#### Prompt
Extract verbatim every line from the one containing "Why a Website" to the final line of the records below, inclusive, and exclude all pictures.
====
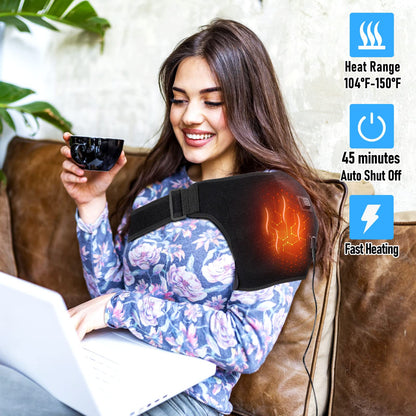 Infrared Heat Therapy for Quick Shoulder Pain Relief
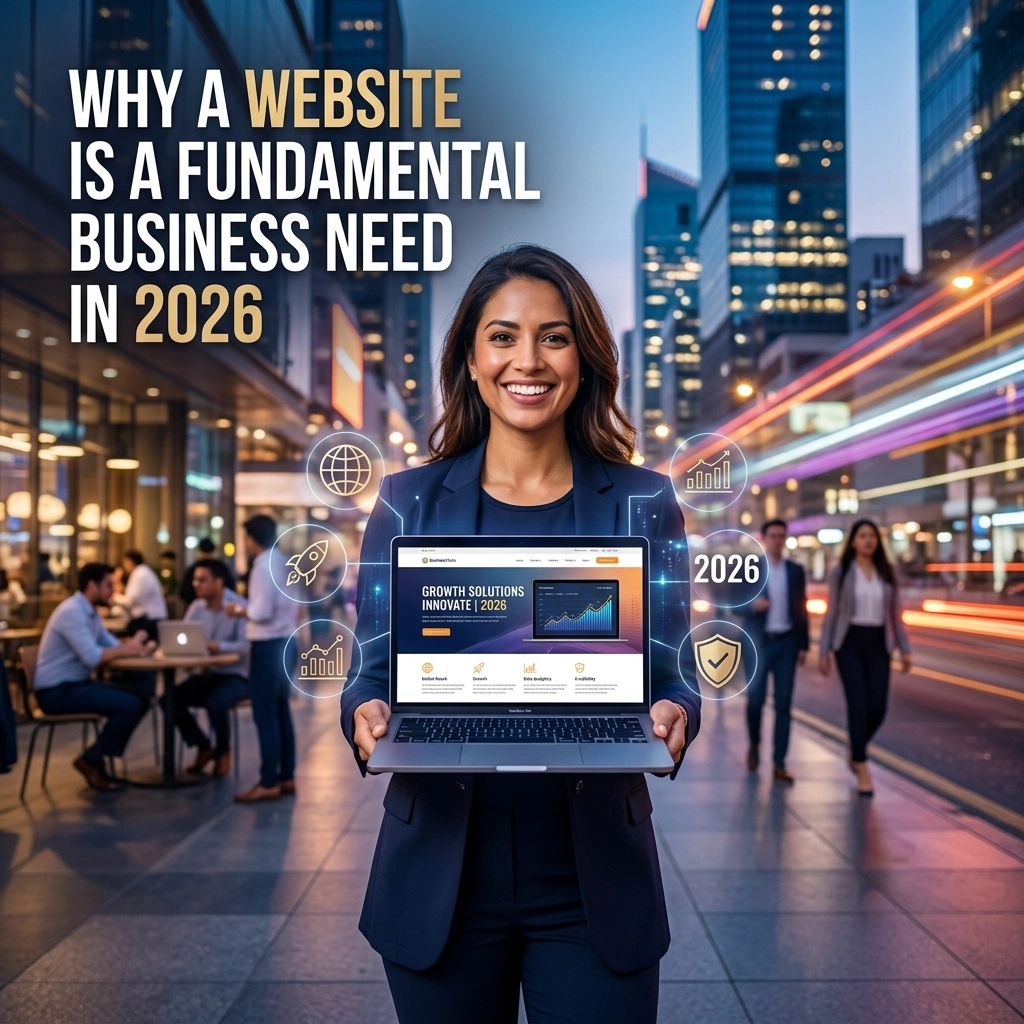 Why a Website is a Fundamental Business Need in 2026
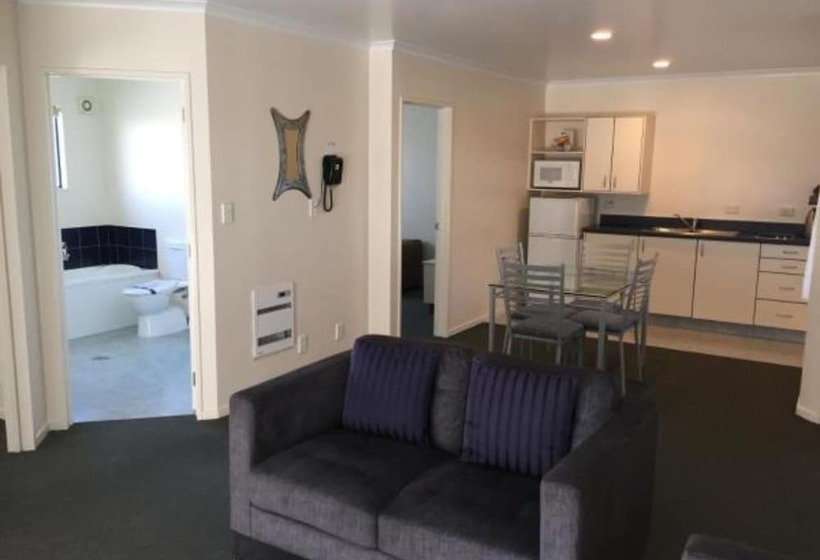 דירת שני חדרים, Asure Cooks Gardens Motor Lodge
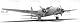 ICM 1:48 - Ki-21-Ib Sally Japanischer schwerer Bomber, schwarz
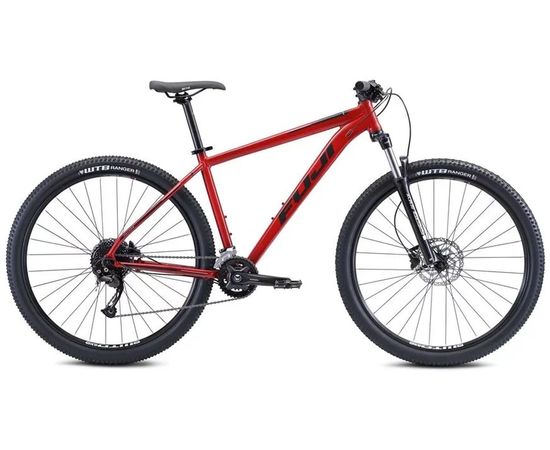 Горный велосипед Fuji Nevada 27.5 1.5 D (2021, красный металлик), Цвет: Красный, Размер рамы: 17"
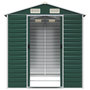 Voir la diapositive 5 : VIDAXL Abri de jardin vert 191x215x198 cm acier galvanise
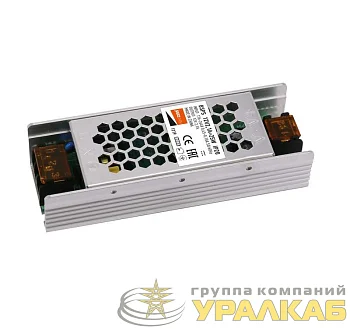 Блок питания для светодиодной ленты 25Вт 2.1А 12В IP20 BSPS метал. JazzWay 3329341A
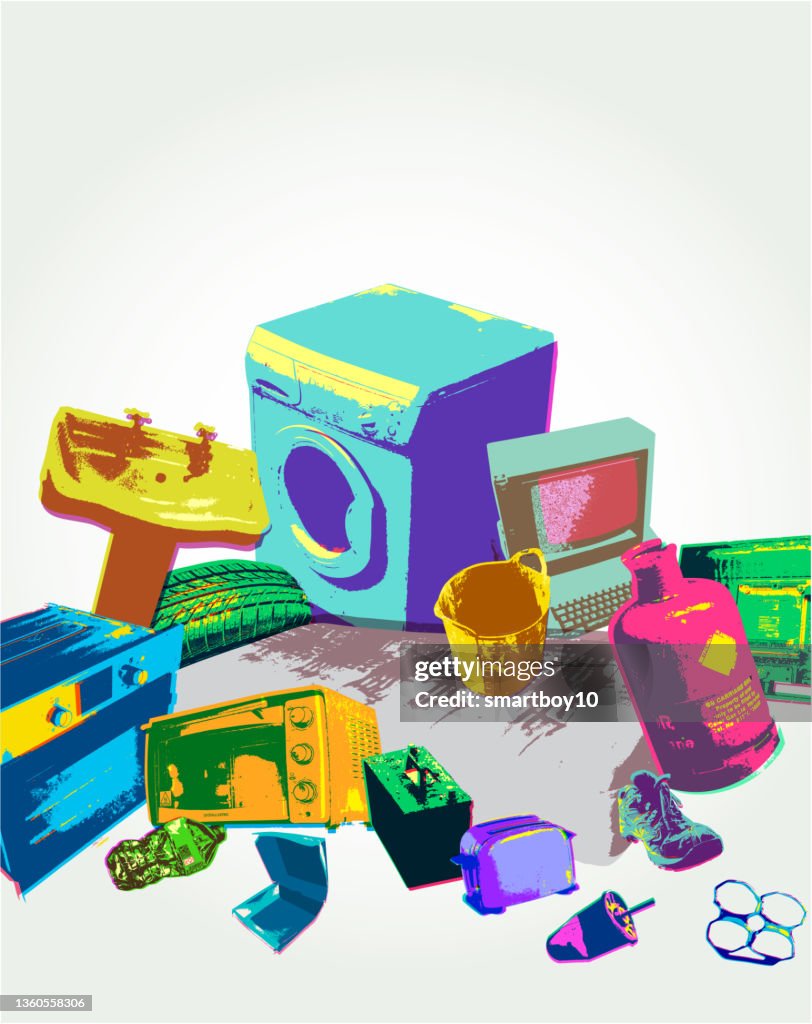 Fly Tipping or Garbage Dump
====
#### Response
 Why a Website is a Fundamental Business Need in 2026
 דירת שני חדרים, Asure Cooks Gardens Motor Lodge
 ICM 1:48 - Ki-21-Ib Sally Japanischer schwerer Bomber, schwarz
 Горный велосипед Fuji Nevada 27.5 1.5 D (2021, красный металлик), Цвет: Красный, Размер рамы: 17"
 Voir la diapositive 5 : VIDAXL Abri de jardin vert 191x215x198 cm acier galvanise
 Блок питания для светодиодной ленты 25Вт 2.1А 12В IP20 BSPS метал. JazzWay 3329341A
 Fly Tipping or Garbage Dump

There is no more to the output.